Task description
Every entry below must be copied exactly, with nothing left out.

(Stored data)

━━━━━━━━

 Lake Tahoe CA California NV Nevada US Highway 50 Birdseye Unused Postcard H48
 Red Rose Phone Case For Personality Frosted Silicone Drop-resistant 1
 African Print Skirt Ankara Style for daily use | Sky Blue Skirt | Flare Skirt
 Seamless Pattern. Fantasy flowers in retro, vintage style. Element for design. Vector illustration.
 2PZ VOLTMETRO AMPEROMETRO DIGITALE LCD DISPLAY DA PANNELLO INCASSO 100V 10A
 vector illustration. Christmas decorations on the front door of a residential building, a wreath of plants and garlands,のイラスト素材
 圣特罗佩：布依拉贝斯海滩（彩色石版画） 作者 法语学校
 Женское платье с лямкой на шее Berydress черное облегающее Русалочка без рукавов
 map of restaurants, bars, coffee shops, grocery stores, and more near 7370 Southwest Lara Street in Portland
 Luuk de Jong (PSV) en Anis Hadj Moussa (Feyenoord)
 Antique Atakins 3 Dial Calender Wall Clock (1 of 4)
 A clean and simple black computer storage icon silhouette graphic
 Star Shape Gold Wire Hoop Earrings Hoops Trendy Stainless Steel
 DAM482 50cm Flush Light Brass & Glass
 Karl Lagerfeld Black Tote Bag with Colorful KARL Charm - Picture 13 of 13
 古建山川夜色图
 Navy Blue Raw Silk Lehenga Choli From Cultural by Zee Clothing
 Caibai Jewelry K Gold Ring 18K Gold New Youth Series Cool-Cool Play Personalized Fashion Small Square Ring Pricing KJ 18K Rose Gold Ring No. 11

━━━━━━━━

Response area
 Lake Tahoe CA California NV Nevada US Highway 50 Birdseye Unused Postcard H48
 Red Rose Phone Case For Personality Frosted Silicone Drop-resistant 1
 African Print Skirt Ankara Style for daily use | Sky Blue Skirt | Flare Skirt
 Seamless Pattern. Fantasy flowers in retro, vintage style. Element for design. Vector illustration.
 2PZ VOLTMETRO AMPEROMETRO DIGITALE LCD DISPLAY DA PANNELLO INCASSO 100V 10A
 vector illustration. Christmas decorations on the front door of a residential building, a wreath of plants and garlands,のイラスト素材
 圣特罗佩：布依拉贝斯海滩（彩色石版画） 作者 法语学校
 Женское платье с лямкой на шее Berydress черное облегающее Русалочка без рукавов
 map of restaurants, bars, coffee shops, grocery stores, and more near 7370 Southwest Lara Street in Portland
 Luuk de Jong (PSV) en Anis Hadj Moussa (Feyenoord)
 Antique Atakins 3 Dial Calender Wall Clock (1 of 4)
 A clean and simple black computer storage icon silhouette graphic
 Star Shape Gold Wire Hoop Earrings Hoops Trendy Stainless Steel
 DAM482 50cm Flush Light Brass & Glass
 Karl Lagerfeld Black Tote Bag with Colorful KARL Charm - Picture 13 of 13
 古建山川夜色图
 Navy Blue Raw Silk Lehenga Choli From Cultural by Zee Clothing
 Caibai Jewelry K Gold Ring 18K Gold New Youth Series Cool-Cool Play Personalized Fashion Small Square Ring Pricing KJ 18K Rose Gold Ring No. 11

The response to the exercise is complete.